Strause's Estate

75 Pa. Super. 276 | Pa. Super. Ct. | 1920

Opinion by

Linn, J.,

Esther M. Hain died October 10, .1918; her daughter Margaret Strause died ten days later. The adminis*278trator of Margaret Strause then withdrew from bank a deposit standing in the names of “Esther M. Hain or Margaret Strause.” At the audit of his account in which he had duly charged himself with the amount withdrawn, the deposit was claimed by the administrator c. t. a. of Mrs. Hain. The learned president judge of the orphans’ court heard the evidence and concluded that on the death of Mrs. Hain the deposit belonged to Mrs. Strause. Distribution was made accordingly.

Appellant contends that the court should have held that the fund belonged to the mother’s estate and not to the daughter’s. Appellee contends that appellant presented his claim in the wrong forum.

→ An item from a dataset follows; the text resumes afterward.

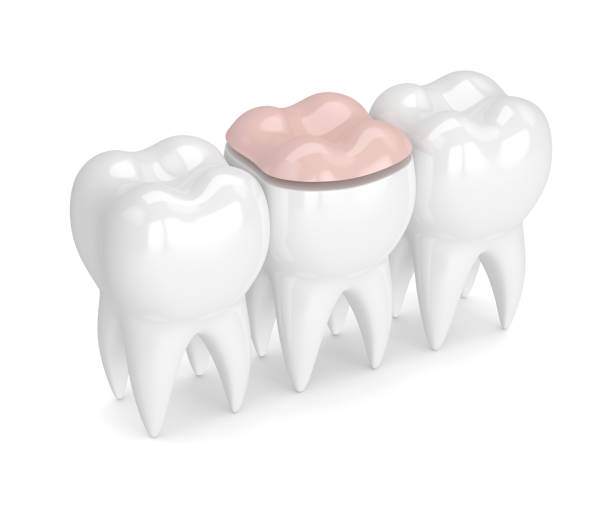 istock 3d render of teeth with dental onlay filling 912863966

We need not now inquire how comprehensive the power of the orphans’ court to determine the ownership of property claimed respectively by a decedent’s estate and by another has been held to be. For the purposes of this case, the decisions are clear. The fund was realized by the sale of real estate once owned in fee by the daughter, subject to her mother’s dower. The daughter conveyed the property to her mother in fee; there was evidence that she was to enjoy it only for life and to carry out that understanding, executed a will devising it to her daughter. The mother sold the property and deposited the proceeds in bank. Soon afterwards she withdrew them and both she and her daughter deposited them in the savings department of the bank in the names of “Esther M. Hain or Margaret Strause.” During Mrs. Hain’s lifetime, nothing was withdrawn. After her death, Mrs. Strause withdrew $75. The learned court below concluded that it was the intention of mother and daughter to create a joint interest in them in the deposit with a right of survivorship. There was evidence to support that conclusion.

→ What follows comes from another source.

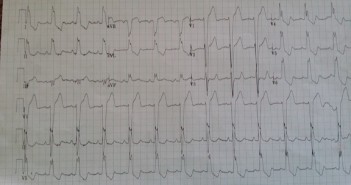 STEMI 1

In Williams’s Estate, 236 Pa. 259, Mr. Justice Mosch7.T«TnaR reviewed a number of cases considering the jurisdiction of the orphans’ court to try disputed claims to property and divided them into two classes, one being *279(p. 271) “Those wherein it is ruled that the orphans’ court has jurisdiction finally to decide the question of ownership of property already actually in a decedent’s estate and, incidentally, where the facts call for it, to decree a final surrender of such assets to outside claimants; to this class belong...... [Gaffney’s Est., 146 Pa. 49]. In each of these the property claimed was actually in the estate, and therefore, at least temporarily, in the custody and under the jurisdiction of the orphans’ court, when the claimant voluntarily included the assets in the account stated by him, or brought and submitted the issue of his ownership to that tribunal for its consideration. The common principle on which they turn is that under such circumstances, the court has jurisdiction to adjudicate all questions standing in the way of the distribution of assets in the estate, and when clear that they are included therein wrongfully or by mistake it may relinquish control of the property to the real owner”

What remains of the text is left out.